▸ **PROBLEM TO WORK ON**
Take the entries that follow and return exactly the lines from the one holding "Cseh csiszolt gyöngy - 4 mm - Chalk White AB" through the one holding "Christinas Garden Патра", both included. Nothing else is needed.
┌─ STORED DATA
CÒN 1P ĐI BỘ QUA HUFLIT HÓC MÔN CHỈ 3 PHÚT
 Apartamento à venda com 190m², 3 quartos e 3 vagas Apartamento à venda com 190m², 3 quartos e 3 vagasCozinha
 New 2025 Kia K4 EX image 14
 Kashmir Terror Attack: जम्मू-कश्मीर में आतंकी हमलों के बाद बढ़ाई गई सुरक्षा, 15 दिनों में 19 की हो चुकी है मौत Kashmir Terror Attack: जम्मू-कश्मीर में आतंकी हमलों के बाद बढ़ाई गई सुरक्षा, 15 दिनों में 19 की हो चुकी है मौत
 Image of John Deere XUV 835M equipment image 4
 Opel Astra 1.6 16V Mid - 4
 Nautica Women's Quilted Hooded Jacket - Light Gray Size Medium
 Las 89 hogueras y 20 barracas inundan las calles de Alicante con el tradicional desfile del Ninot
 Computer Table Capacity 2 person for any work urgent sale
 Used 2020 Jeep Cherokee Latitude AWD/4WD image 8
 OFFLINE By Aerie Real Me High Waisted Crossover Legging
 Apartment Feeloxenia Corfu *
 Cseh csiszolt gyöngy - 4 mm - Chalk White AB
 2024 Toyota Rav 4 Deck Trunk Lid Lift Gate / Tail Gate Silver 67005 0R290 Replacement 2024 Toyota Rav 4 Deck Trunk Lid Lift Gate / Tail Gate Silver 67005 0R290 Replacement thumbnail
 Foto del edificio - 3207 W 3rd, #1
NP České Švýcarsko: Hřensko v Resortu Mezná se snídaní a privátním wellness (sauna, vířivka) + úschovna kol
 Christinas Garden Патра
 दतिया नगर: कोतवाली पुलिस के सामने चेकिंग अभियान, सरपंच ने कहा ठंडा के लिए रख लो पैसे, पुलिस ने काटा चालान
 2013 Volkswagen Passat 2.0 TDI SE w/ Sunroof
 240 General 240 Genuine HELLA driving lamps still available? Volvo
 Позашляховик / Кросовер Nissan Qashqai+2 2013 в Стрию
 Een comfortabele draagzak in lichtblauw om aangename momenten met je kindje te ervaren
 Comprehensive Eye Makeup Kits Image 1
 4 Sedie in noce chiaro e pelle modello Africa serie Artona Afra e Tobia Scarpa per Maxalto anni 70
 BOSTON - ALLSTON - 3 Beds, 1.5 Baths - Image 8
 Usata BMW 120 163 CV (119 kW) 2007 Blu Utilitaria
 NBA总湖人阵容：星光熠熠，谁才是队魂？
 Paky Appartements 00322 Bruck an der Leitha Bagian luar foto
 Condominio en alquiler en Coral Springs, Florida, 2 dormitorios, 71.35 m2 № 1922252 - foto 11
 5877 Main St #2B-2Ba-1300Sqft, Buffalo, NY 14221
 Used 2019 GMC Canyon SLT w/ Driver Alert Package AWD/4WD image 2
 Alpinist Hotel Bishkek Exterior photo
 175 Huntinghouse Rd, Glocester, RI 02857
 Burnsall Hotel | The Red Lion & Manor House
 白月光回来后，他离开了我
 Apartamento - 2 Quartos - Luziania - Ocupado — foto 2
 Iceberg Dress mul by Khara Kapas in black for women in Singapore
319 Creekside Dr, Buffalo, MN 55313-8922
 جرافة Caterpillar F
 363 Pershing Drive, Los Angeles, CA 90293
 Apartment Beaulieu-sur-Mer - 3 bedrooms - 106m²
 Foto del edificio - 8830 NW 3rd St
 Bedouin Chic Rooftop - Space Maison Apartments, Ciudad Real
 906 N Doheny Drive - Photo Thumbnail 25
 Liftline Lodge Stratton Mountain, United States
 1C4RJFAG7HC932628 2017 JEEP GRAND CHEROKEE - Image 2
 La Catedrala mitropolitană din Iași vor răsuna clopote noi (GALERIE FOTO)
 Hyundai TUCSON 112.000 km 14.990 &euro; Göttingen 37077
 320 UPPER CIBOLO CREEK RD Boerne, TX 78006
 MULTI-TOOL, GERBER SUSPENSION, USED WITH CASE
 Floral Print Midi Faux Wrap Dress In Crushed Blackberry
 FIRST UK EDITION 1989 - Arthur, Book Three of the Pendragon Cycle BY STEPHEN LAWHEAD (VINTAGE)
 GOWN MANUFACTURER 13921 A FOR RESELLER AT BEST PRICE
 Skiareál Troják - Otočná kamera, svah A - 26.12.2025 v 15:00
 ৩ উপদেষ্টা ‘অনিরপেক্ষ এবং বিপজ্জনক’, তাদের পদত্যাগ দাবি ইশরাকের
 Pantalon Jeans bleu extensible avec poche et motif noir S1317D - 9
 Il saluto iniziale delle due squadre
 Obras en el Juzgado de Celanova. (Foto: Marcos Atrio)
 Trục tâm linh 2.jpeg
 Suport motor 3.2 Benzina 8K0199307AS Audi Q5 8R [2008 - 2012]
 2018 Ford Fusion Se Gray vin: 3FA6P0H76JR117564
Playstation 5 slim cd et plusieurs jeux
└─
▸ **SOLUTION TO THE PROBLEM**
 Cseh csiszolt gyöngy - 4 mm - Chalk White AB
 2024 Toyota Rav 4 Deck Trunk Lid Lift Gate / Tail Gate Silver 67005 0R290 Replacement 2024 Toyota Rav 4 Deck Trunk Lid Lift Gate / Tail Gate Silver 67005 0R290 Replacement thumbnail
 Foto del edificio - 3207 W 3rd, #1
NP České Švýcarsko: Hřensko v Resortu Mezná se snídaní a privátním wellness (sauna, vířivka) + úschovna kol
 Christinas Garden Патра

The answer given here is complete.